Principal contributeur aux mécanismes de soutien au sein de la zone euro, Berlin fait barrage sur ce dossier, malgré l'intense pression des Etats-Unis, du Fonds monétaire international (FMI) et de ses partenaires européens qui cherchent à mettre fin à une crise qui dure depuis plus de deux ans.
Pour rassurer les marchés sur leur capacité à éviter une contagion, la plupart des pays de la zone euro souhaitent combiner la capacité de prêts du fonds de secours temporaire, le Fonds européen de stabilité financière (FESF), avec celle du MES (500 milliards d'euros en théorie), qui commencera à fonctionner en juillet. Cela permettrait d'obtenir une force de frappe de 750 milliards d'euros. Pour l'instant, Berlin dit vouloir en rester à 500 milliards.
"Faites-le vite et avec force, et faites en sorte que vos engagements soient suivis d'effets", a exhorté ce week-end le secrétaire au Trésor des Etats-Unis, Timothy Geithner, à Mexico.
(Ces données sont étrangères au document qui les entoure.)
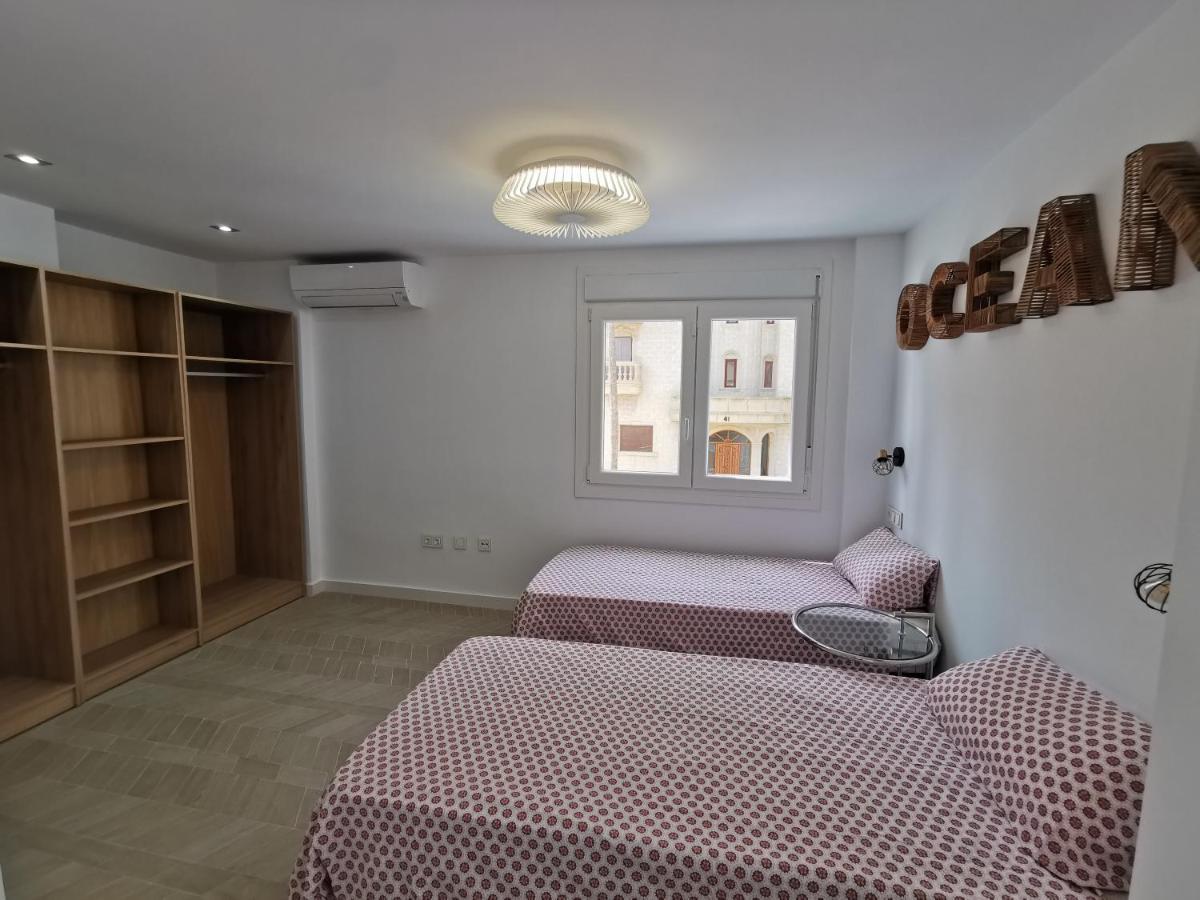 Spacious Villa With Private Pool And Beach Views El Moncayo 外观 照片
La chancelière allemande Angela Merkel reste sourde à ces suppliques car elle doit d'abord faire voter lundi le second plan de sauvetage pour la Grèce, une étape dont l'issue ne fait guère de doute, une large majorité de députés s'apprêtant à donner leur feu vert.
Mais les députés de sa coalition, réservés sur le bien-fondé des aides fournies par l'Allemagne depuis le début de la crise, vont saisir l'occasion pour dire non au renforcement du MES, en faisant voter une motion. Il est donc difficile pour la chancelière de relancer le sujet dans l'immédiat.
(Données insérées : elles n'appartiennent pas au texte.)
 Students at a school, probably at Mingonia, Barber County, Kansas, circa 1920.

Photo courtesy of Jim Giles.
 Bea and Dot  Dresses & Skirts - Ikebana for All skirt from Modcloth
"L'Allemagne a depuis le début de cette crise sa propre dynamique décisionnelle. Merkel doit souvent temporiser", souligne un diplomate européen.
Autre facteur: Berlin a engagé un bras de fer avec le FMI qui doit lui aussi venir en aide à la zone euro via une augmentation de ses ressources.
Seulement, chaque partie estime que c'est à l'autre de faire le premier pas, le FMI attendant un pare-feu convaincant de la zone euro, tandis que Berlin veut en savoir plus sur les intentions de l'institut dirigé par Christine Lagarde.
Une décision du FMI sur l'accroissement de ses fonds propres est attendue seulement en avril. Du coup, un responsable de la zone euro, sous couvert d'anonymat, n'exclut pas que la zone euro repousse sa décision sur l'augmentation de son Fonds de secours au mois d'avril pour la faire coïncider avec celle du FMI, "avec éventuellement convocation d'un sommet extraordinaire des dirigeants de la zone euro".
D'ici là, le FMI doit décider quelle sera sa participation au second plan d'aide à la Grèce. Compte tenu du blocage sur le pare-feu, il pourrait se contenter d'une contribution limitée, estiment des diplomates.